*** Opening of DATA FOR THE TASK ***

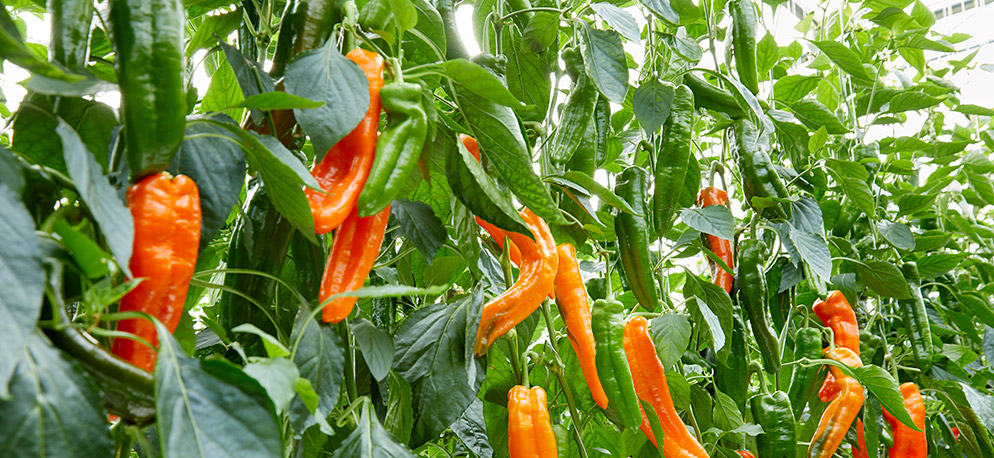 Conische paprika Terceira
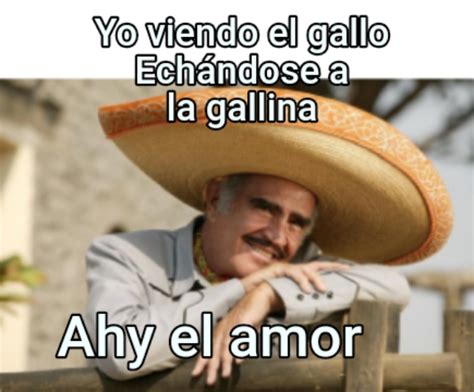 Yo Viendo El Gallo Ech Ndose A La Gallina Ahy El Amor Generador Memes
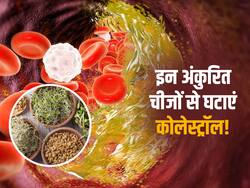 नसों में चिपके कोलेस्ट्रॉल को निकालने के लिए अंकुरित करके खाएं ये 3 चीजें, कुछ ही दिनों में मिलेगा आराम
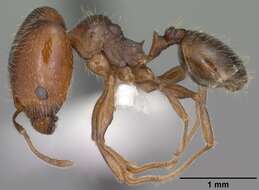 Pheidole pilifera (Roger 1863)的圖片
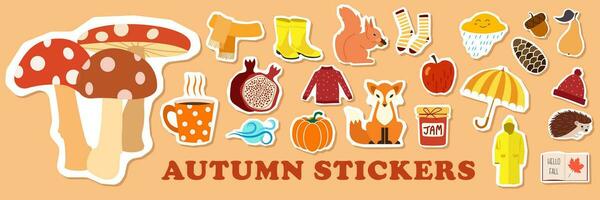herfst stickers pictogrammen set. schattig herfst afbeeldingen rubber laarzen, boek, kop van thee, trui, paraplu, taart, appel, paddestoelen, bladeren bloemen enz geïsoleerd pictogrammen stickers vector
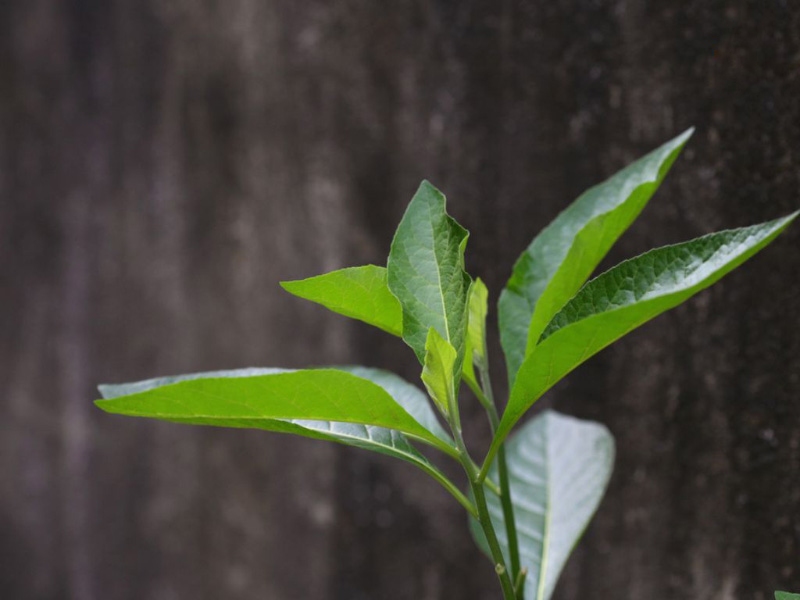 Cây mật gấu chữa bệnh xương khớp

*** Close of DATA FOR THE TASK ***

EXERCISE — An exact copy of the lines from the line containing "Pheidole pilifera (Roger 1863)的圖片" through the final line of the listing, without pictures, is the expected result.

EXERCISE RESULT —
 Pheidole pilifera (Roger 1863)的圖片
herfst stickers pictogrammen set. schattig herfst afbeeldingen rubber laarzen, boek, kop van thee, trui, paraplu, taart, appel, paddestoelen, bladeren bloemen enz geïsoleerd pictogrammen stickers vector
 Cây mật gấu chữa bệnh xương khớp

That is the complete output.